The arch in the distance is the W Line where it crosses highway 6.

Simms Street and the light rail approach each other near the Lakewood Gulch Trail, then the W Line turns east toward downtown Denver. Collins Road crosses Simms there and the trailhead for the Lakewood Gulch Trail is a few steps down Collins in Bellows Park. 

Looking at the Wikipedia article for Lakewood Gulch, I think that might be my ticket from Oak Station to Auraria West Station.

Like all the "gulches" in the Denver area, Lakewood Gulch is an artificial channel for directing storm water through East Denver.  It has been subject to flashfloods in the past.

Occupying the distance between Simms Street and Oak Street is a large medical equipment manufacturing company, Terumo Global.
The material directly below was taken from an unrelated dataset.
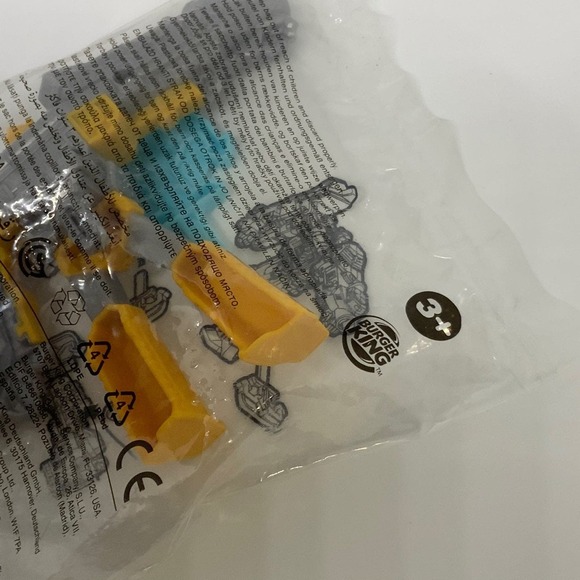 Burger king happy meal transformer #14760A 2019 NEW SEALED - Picture 3 of 4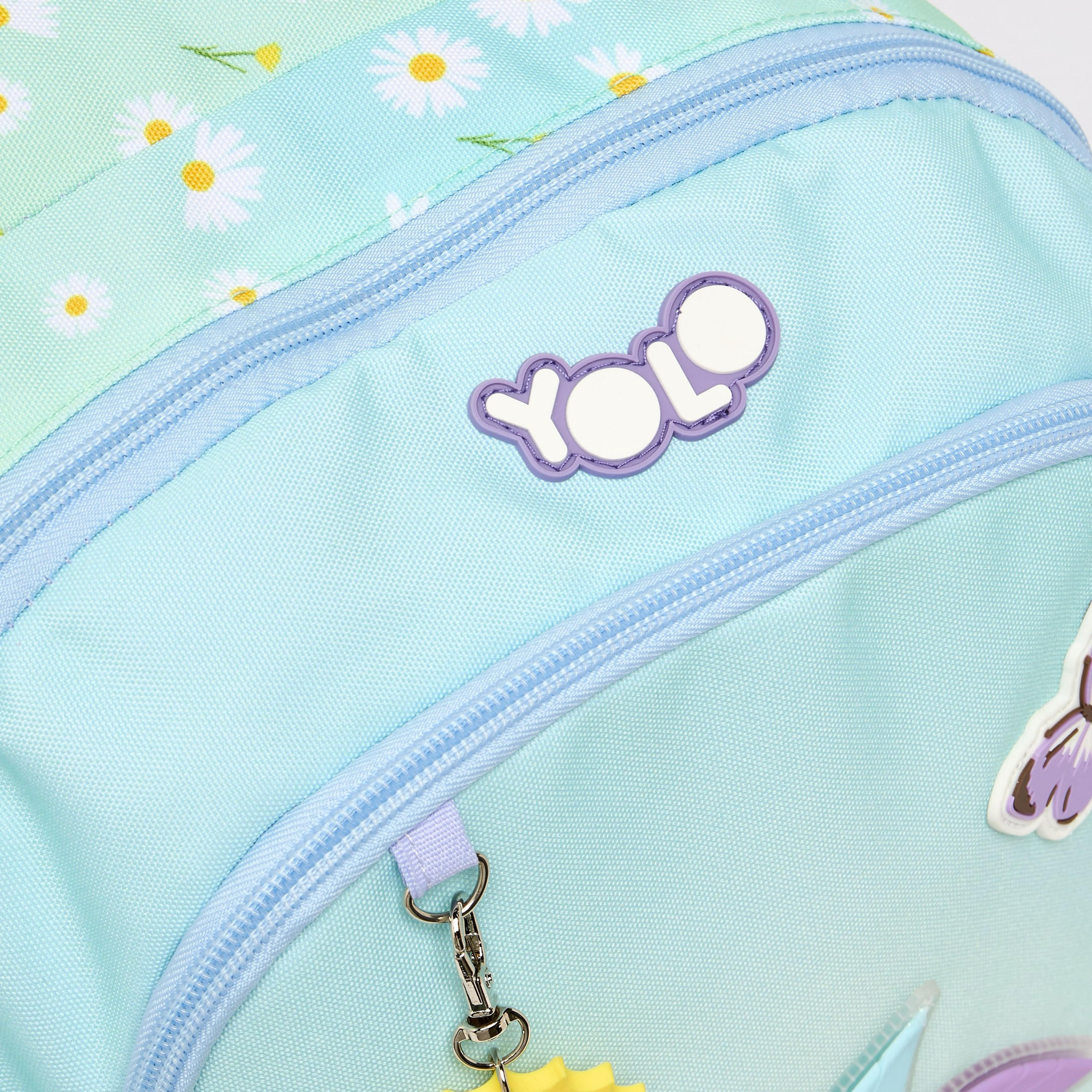 شنطة ظهر بأحزمة مبطنة وطبعات زهرية للبنات بعمر 8-13 سنة من يولو - 18 بوصة-school-bagsandbackpacks-backpacks-image-9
The Greenway that runs through it's grounds reflects the technological focus.

I'm not sure what molecule the tetrahedral model is supposed to represent but it's appropriate given how many biological compounds have the form. Carbon can bond to up to four other atoms and, since atoms tend to space themselves out as far as they can, the tetrahedron is common in organic compounds.

On the far side of the gazebo is a double helix model, I assume, of DNA.

Parts of the trail give nice views of the surrounding area including green Mountain.

The convenience of Lakewood Gulch (for me, at least) is that it crosses side streets that run short distances north to W Line stations. Oak Street was well marked and I took it to Oak Station.
All of the light rail stations and the larger bus stops in Denver display art by named artists...murals, windscreens, and larger works, like the whimsical, Tread Lightly, by Joshua Wiener. The seven steel boats on legs make me think of Baba Yaga's Marina.
The train ride back ended at my home station, Arapahoe at Village Center, and I was surprised to see the water feature at Village Center Tower One operating, so I took some pictures.